Quindi lei ama la lettura. «Sul comodino ho parecchi saggi di politica e filosofia della politica. In particolare amo Popper».
Scelta impegnativa. Come si concilia con quell’esame di maturità ripetuto tre volte?«Mi interessavo già di politica, fai fatica quando hai questa passione a dedicarti anche agli impegni scolastici».
Non sarà che l’hanno un po’ presa di mira anche perché si chiama Bossi? «Non credo, semplicemente ho riservato poco tempo allo studio. Ma ora la maturità l’ho presa e mi sono pure iscritto a Economia. Poi, grazie a un amico di famiglia come Giorgio Albertazzi ho potuto apprezzare la cosiddetta cultura alta, come il teatro classico».
Insomma, è tempo di cose serie. «Sì, come i libri».
A parte Popper c’è un altro autore che le sta a cuore? «No, però ho un debole per libri-pilastro come il Petrucciani. Gliel’ho detto, la storia della politica mi affascina. Ho fatto lo scientifico, ma credo che al classico avrei potuto dare di più».

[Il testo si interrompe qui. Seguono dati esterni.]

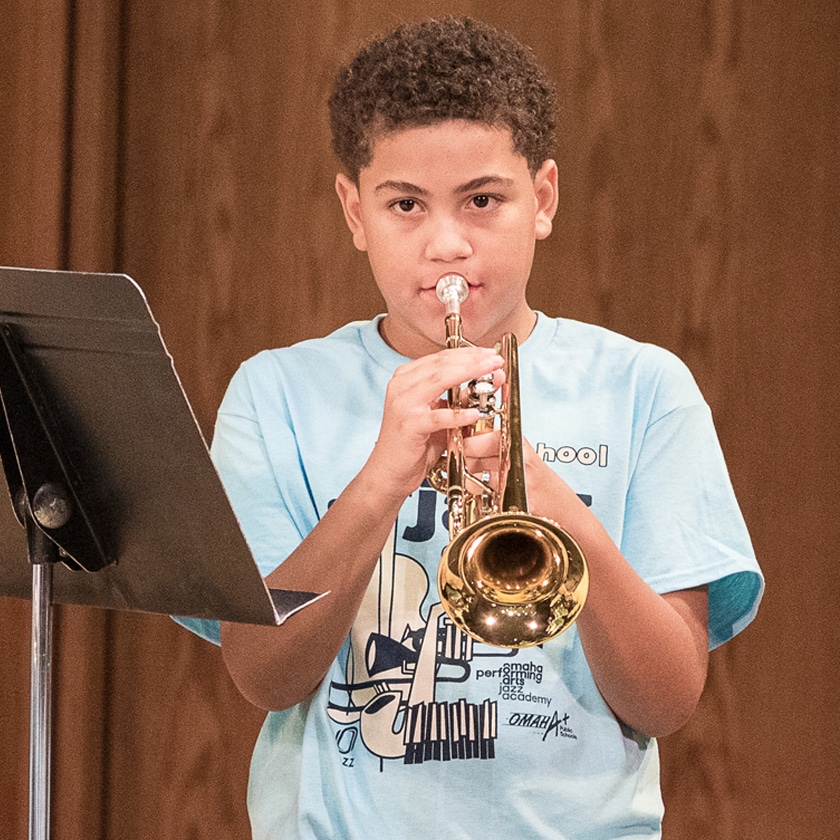 Student reading music and playing a trumpet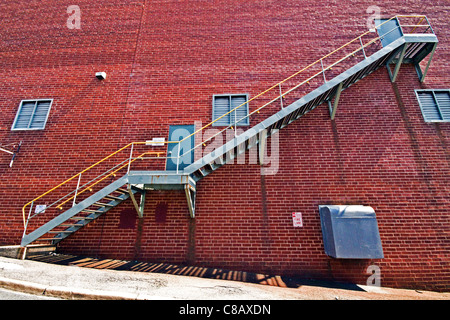 Metal Stairs on brick wall Stock Photo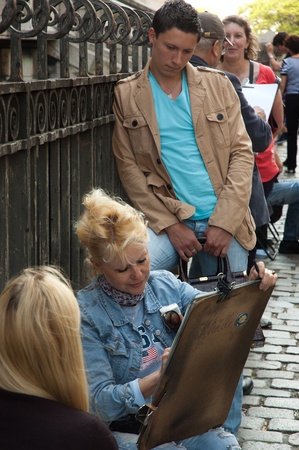 Paris, France, April, 23, 2011 - Artist painting people on Montmartre on April 23, 2011 in Paris, France. Montmartre is famous historical artistic centre of Parisのeditorial素材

Del resto, con un padre come il suo che fa già parte di questa storia. Ma a proposito del babbo, le ha dato molto fastidio che l’abbia soprannominata trota? «No, assolutamente. Anzi ha ragione. Ho poco più di vent’anni, le sembro forse un delfino? Poi su questa cosa della trota le posso raccontare un aneddoto delizioso».
Dica. «Qualche settimana fa sono stato in Svizzera e lì ho conosciuto il figlio del segretario della Lega dei Ticinesi. Beh, vuole sapere come l’aveva soprannominato il padre? Trota. Evidentemente è un simpatico nomignolo che è tagliato su misura per noi figli di padri federalisti…».
Come vede questo Piemonte neogovernato da Cota? «Meglio di così non poteva andare. Una regione così alla Lega e a una persona giovane e capace. Vedrà che saprà realizzare sul serio il federalismo».
Sarebbe venuto al Salone, anche con la Bresso ancora presidente? «Non lo so, certo che così ci vengo molto più volentieri».